If I had to explain what I do to someone’s not-very-tech-savvy grandmother, I would say, “if you Google something, I make it appear in search!”. 

When was Galactic Fed founded, and how did it grow since then? What made you want to start such a business, especially a fully remote one? 

Zach and I co-founded Galactic Fed in 2017. We worked together at Toptal, where I was the Head of SEO, and Zach the head of Paid Media. We had a natural synergy, bonding over a rebellious attitude towards wanting to do something a bit (or a lot) different from the ordinary. Our combined forces made sense on many levels, thus Galactic Fed was born! 

We decided to go fully remote for a few reasons, one being our mutual love for travel and desire to work from anywhere in the world, but also because it was a way to quickly recruit and hire new talent. With a fully remote agency, we’ve been able to scale our team and hire the best talent all over the world, wherever they live. I’d say remote culture is a huge part of our success! 

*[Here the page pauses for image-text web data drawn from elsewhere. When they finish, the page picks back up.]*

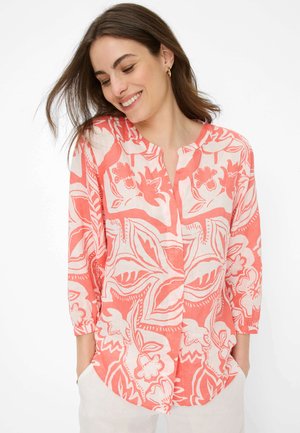 Lyserød bluse med blomsterprint og knaplukning foran, der har trekvartlange ærmer og en afslappet pasform. Fremstillet af et letvægtsstof.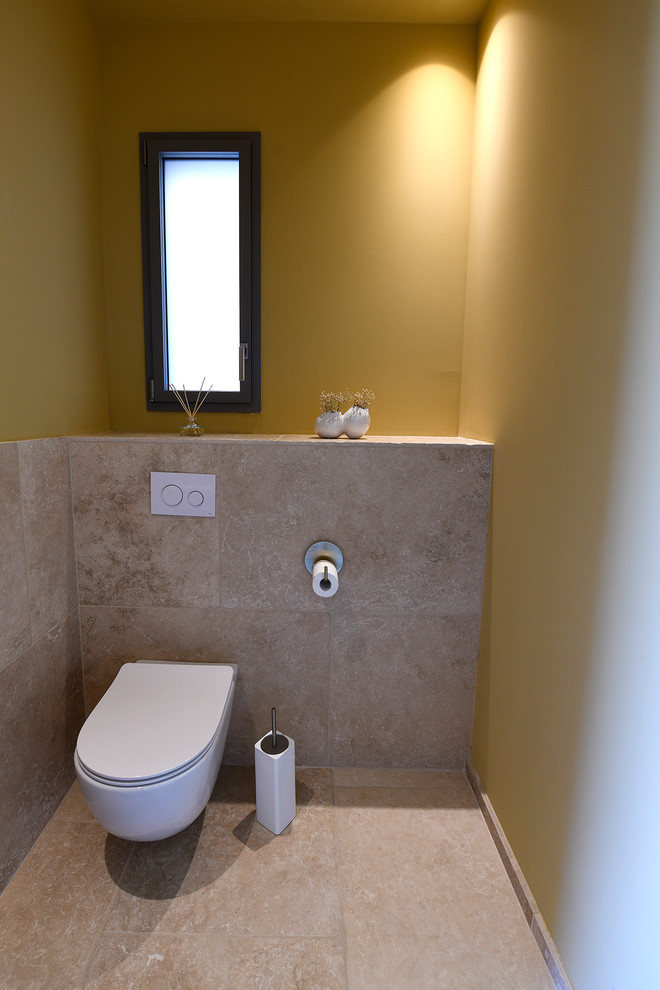Exemple d'un petit WC suspendu méditerranéen avec un carrelage beige, des carreaux de céramique, un mur jaune, un sol en carrelage de céramique, un plan de toilette en surface solide, un sol beige et un plan de toilette beige.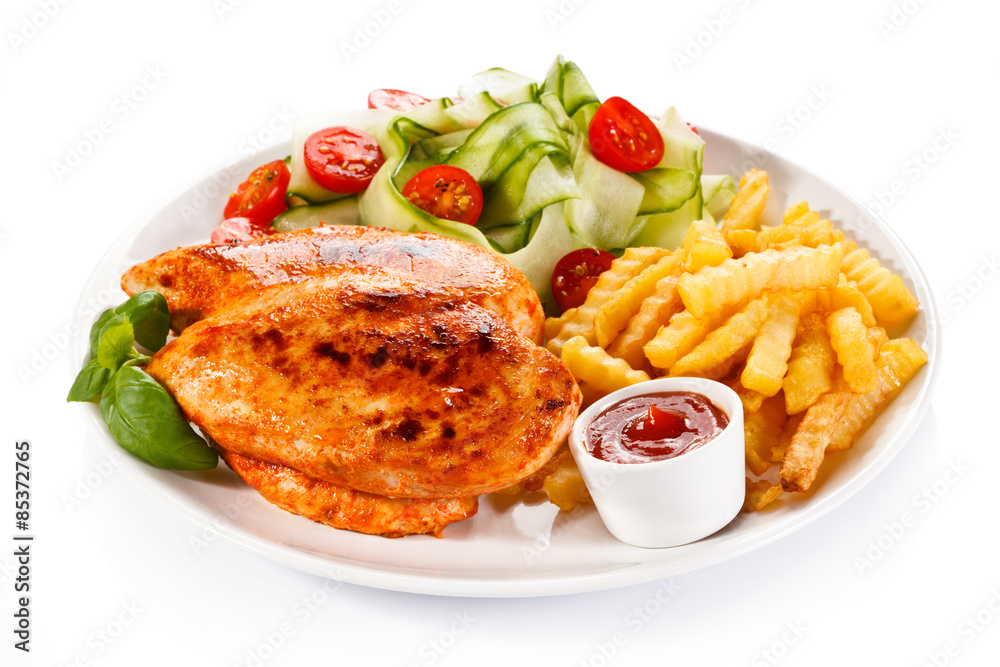 Fried chicken fillet, chips and vegetable salad Fried chicken fillet, chips and vegetable salad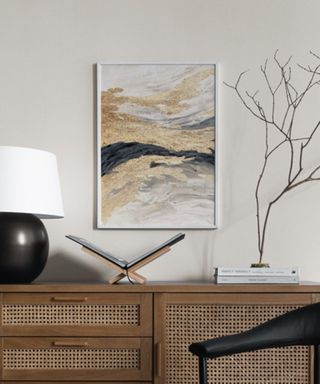 A gold and black artwork above a console table with decor on it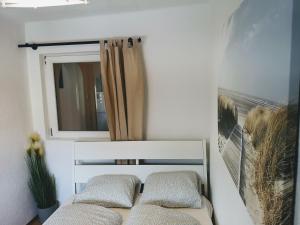 Giường trong phòng chung tại Sankt-Nikolaus Old Town City Apartment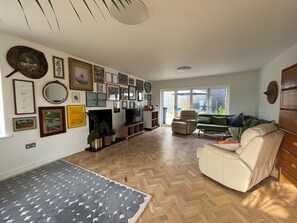 Ein Wohnzimmer mit Kamin, Fernseher und einer Couch.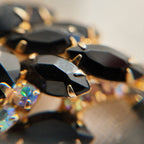A macro shot detailing the incredible, rainbow-like fire of the Aurora Borealis rhinestones, a signature of high-quality 1960s costume jewelry.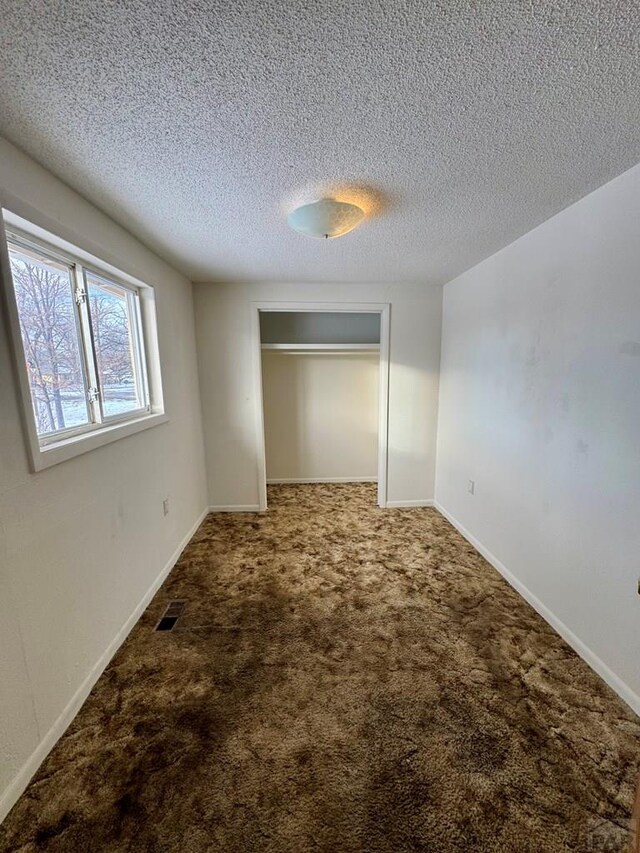 unfurnished bedroom with baseboards, visible vents, a textured ceiling, carpet floors, and a closet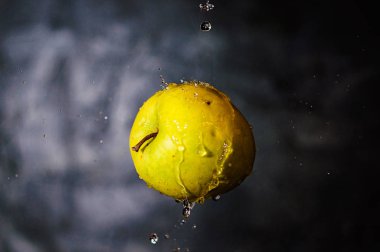 Havada süzülen sarı-yeşil elma damlaları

What has been your greatest challenge so far? 

When it comes to building a remote company, unique challenges can arise. Two of those were: 

Communication — it’s hard enough as it is to communicate effectively in a traditional team setting. Once to take this to a remote environment, you often have little more than a few specs, Slack messages, and perhaps a brief call or two to convey the expectations and the end goals. Daily communication is the cement that holds the team together, and at Galactic Fed, this extends over multiple time zones and continents. 

Building trust — it’s essential to build a team that trusts one another and their managers to deliver on their promises day in and day out — that reassurance of trust fuels the team to show up every day and give 100%. A unified company culture — whether your company is domestic or international, it’s vital that leaders find common threads to unite the organization in unified company culture. 

What are your plans for the future?  

My plans are to continue growing and building our company while traveling when I can. Since travel was a big part of our interview, I’ll leave you with this beautiful quote from King Matt, written by Polish children’s doctor Janusz Korczak: 

“When I was the little boy you see in the photograph, I wanted to do all the things that are in this book. But I forgot to, and now I’m old. I no longer have the time or the strength to go to war or travel to the land of the cannibals. I have included this photograph because it’s important what I looked like when I truly wanted to be a king, and not when I was writing about King Matt. I think it’s better to show pictures of what kings, travelers, and writers looked like before they grew up, or grew old because otherwise, it might seem that they knew everything from the start and were never young themselves. And then children will think they can’t be statesmen, travelers, and writers, which wouldn’t be true.”